Elle a fait pression sur le gouvernement intérimaire pour que des élections soient organisées en juillet, afin d’enclencher un processus politique qui lui permettra de réduire son contingent à 1.000 hommes d’ici la fin de l’année.

 

 

Vingt-huit candidats sont en lice. Même si quatre d’entre eux ont déjà occupé le poste de Premier ministre par le passé, aucun n’est officiellement soutenu par le président par intérim, Dioncounda Traoré, et un second tour est prévu le 11 août si aucun d’entre eux ne remporte la majorité absolue le 28 juillet.

 

 

Tous les candidats, qui font campagne à travers le pays à bord de minibus, ont promis de restructurer et de renforcer l’armée, à l’origine du coup d’Etat qui a renversé le président Amadou Toumani Touré en 2012, et qui a par la suite plié face à l’insurrection islamiste.

Ils promettent également de mettre fin à la corruption, à la pauvreté et de réconcilier un pays fortement divisé.

 

 

PROBLÈMES TECHNIQUES

 

 

A près de deux semaines de l’échéance électorale, des millions de cartes d’électeurs n’ont cependant toujours pas été distribuées dans le pays, deux fois grand comme la France.

Le 5 juillet, seul un tiers des 6,9 millions d’électeurs potentiels avait reçu sa carte d’électeur, a dit un porte-parole du ministère de l’Intérieur.

Des centaines de milliers de Maliens ont par ailleurs été déplacés au cours du conflit et bien d’autres encore ne figurent pas sur des listes électorales jugées obsolètes.

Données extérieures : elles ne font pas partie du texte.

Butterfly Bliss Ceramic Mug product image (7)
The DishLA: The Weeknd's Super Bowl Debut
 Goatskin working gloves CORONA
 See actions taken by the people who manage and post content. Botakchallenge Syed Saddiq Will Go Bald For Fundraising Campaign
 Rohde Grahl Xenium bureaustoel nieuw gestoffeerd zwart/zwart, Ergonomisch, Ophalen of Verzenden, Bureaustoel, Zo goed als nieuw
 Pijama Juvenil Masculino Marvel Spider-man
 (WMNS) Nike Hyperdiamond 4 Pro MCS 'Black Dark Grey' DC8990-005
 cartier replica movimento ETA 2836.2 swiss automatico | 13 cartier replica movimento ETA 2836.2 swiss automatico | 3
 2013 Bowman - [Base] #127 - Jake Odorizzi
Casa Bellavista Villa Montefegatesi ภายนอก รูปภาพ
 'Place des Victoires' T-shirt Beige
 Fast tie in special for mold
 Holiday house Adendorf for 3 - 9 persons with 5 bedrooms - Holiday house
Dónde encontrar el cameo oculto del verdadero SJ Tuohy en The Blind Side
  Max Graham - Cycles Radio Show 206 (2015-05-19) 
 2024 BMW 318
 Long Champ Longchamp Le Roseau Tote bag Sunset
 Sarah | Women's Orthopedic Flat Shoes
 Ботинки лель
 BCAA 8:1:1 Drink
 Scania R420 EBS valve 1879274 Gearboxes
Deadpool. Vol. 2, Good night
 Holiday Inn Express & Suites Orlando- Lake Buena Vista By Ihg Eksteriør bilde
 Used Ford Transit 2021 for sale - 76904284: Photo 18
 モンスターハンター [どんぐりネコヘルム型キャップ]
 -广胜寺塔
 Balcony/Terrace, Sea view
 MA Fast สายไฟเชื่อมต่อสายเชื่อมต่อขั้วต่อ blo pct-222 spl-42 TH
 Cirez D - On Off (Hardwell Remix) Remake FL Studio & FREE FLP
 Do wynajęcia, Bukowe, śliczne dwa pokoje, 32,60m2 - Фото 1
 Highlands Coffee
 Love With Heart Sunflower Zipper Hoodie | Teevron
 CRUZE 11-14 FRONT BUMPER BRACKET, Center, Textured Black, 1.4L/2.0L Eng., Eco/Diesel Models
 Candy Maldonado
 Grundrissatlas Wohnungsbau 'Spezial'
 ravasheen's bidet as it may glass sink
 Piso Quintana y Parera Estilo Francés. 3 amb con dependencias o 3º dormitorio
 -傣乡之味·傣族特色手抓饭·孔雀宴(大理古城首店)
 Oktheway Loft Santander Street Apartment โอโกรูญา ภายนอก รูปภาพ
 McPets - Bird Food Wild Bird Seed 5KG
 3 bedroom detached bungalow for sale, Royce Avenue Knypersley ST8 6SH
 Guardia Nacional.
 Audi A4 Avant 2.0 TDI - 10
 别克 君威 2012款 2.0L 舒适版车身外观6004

Selon les Nations unies, plus de 525.000 Maliens ont été déplacés à l’intérieur du pays ou se sont réfugiés à l’étranger.

 

 

Face à cette situation, la fondation Osiwa de l’homme d’affaires George Soros a appelé à reporter les élections de peur qu’elles ne soient entachées de défaillances techniques et qu’un faible taux de participation ne prive le futur président de la légitimité nécessaire pour redresser le pays.

 

 

Pressé par la France d’achever la transition politique, le gouvernement souligne de son côté qu’un vote est la seule issue possible pour redresser le pays.

 

 

« Le délai souhaité par certains ne permettra pas de résoudre les problèmes techniques », a déclaré le président par intérim Dioncounda Traoré. « L’élection ne sera pas parfaite, notamment parce que le pays sort d’une crise (…) mais je suis profondément convaincu que nous pouvons organiser des élections libres et équilibrées le 28 juillet », a-t-il ajouté.

 

 

Le gouverneur de Kidal, bastion touareg où l’armée a annoncé avoir repris position la semaine dernière, s’est rendu sur place jeudi et a promis que les élections auraient lieu comme prévu. Il n’a passé que quelques heures dans la ville, les insurgés occupant toujours son bureau.